I spent a couple years' working together with a friend every now and then on a game+game engine in C#. We did get past the game engine phase because it was kept simple (ECS + box2d and simple monogame 3d renderer) but we eventually gave up because even though game logic was progressing swiftly assets were just a pain in the ass.
Most low level engineers (as we are/were) underestimate the work it requires to get a proper asset pipeline set up. You're never going to build a 3d game if you can't load cheap 3rd party assets with their animations and materials. And then the level designer which is basically just another game in your game.
We went with UE4 as a change of pace and man is it librating not to have to worry about the limitations of your homebrew engine anymore. In UE4 literally anything is possible (you have the full source after all) and its always less work.
I guess, my question to the author should've been: why are you trying to write a game engine? It's a completely different task than writing a good game, and mostly conflicts with it.
Two reasons: Creative interests which make traditional game engines a hard fit. I could make compromises to the design, but as I also have technical interest in making game engines, it's a double win.
The need for high performance meets with my creative interests. (But I also have technical interest in making the engine). I also value the ability of being able to implement extraordinary features to the engine in a whim, which is hard with large general use engines.
I agree that there is a class of games that can be easily implemented with a prebuilt engine, but this is not one of them.
> I agree that there is a class of games that can be easily implemented with a prebuilt engine, but this is not one of them.
This "class of games" includes more or less everything that a single developer without a very costly art department can produce.
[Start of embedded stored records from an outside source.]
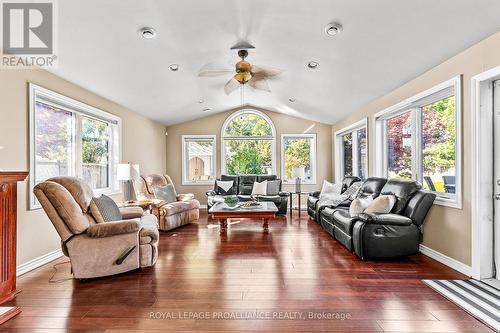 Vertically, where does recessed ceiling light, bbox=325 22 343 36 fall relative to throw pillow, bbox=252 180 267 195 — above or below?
above

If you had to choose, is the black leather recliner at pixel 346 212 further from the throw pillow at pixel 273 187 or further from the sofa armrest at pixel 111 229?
the sofa armrest at pixel 111 229

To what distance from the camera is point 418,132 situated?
13.2 ft

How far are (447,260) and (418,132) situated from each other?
1796 mm

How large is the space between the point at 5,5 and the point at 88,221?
83.4 inches

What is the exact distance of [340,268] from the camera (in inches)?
122

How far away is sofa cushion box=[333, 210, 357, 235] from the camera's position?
3528mm

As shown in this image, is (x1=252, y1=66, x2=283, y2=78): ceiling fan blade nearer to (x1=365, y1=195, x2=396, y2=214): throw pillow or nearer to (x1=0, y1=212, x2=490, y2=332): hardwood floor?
(x1=365, y1=195, x2=396, y2=214): throw pillow

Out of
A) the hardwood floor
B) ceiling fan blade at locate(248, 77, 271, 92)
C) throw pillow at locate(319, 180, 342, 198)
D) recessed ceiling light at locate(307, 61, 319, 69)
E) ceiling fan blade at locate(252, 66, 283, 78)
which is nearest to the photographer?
the hardwood floor

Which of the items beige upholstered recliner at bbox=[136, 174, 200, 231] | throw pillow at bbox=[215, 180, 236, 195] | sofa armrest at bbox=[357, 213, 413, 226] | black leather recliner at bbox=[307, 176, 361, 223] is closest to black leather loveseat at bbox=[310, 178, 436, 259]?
sofa armrest at bbox=[357, 213, 413, 226]

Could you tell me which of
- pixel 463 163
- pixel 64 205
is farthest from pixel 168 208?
pixel 463 163

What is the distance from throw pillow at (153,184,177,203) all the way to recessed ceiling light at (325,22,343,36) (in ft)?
13.5

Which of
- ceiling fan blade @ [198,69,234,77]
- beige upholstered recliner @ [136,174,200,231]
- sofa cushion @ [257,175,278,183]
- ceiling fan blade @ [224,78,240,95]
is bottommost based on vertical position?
beige upholstered recliner @ [136,174,200,231]

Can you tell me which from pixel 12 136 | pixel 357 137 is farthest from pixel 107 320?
pixel 357 137

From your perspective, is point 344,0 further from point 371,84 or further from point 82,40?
point 82,40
If your game can not be implemented with a prebuilt engine, it's really something extraordinary.
I think it's pretty clear from the article that using an off-the-shelf engine is not an option for the author, because it doesn't satisfy his interest in building game engines ;-)
That said, I agree with your previous comment about performance. Rarely, if ever, should using one programming language over another limit the performance of any game so much that it would severely affect what you can and can not do gameplay- or feature wise. Unless you use some highly dynamic scripting language that fundamentally doesn't fit the problem domain, of course (I wouldn't write a 3D engine in Python or Ruby, for example).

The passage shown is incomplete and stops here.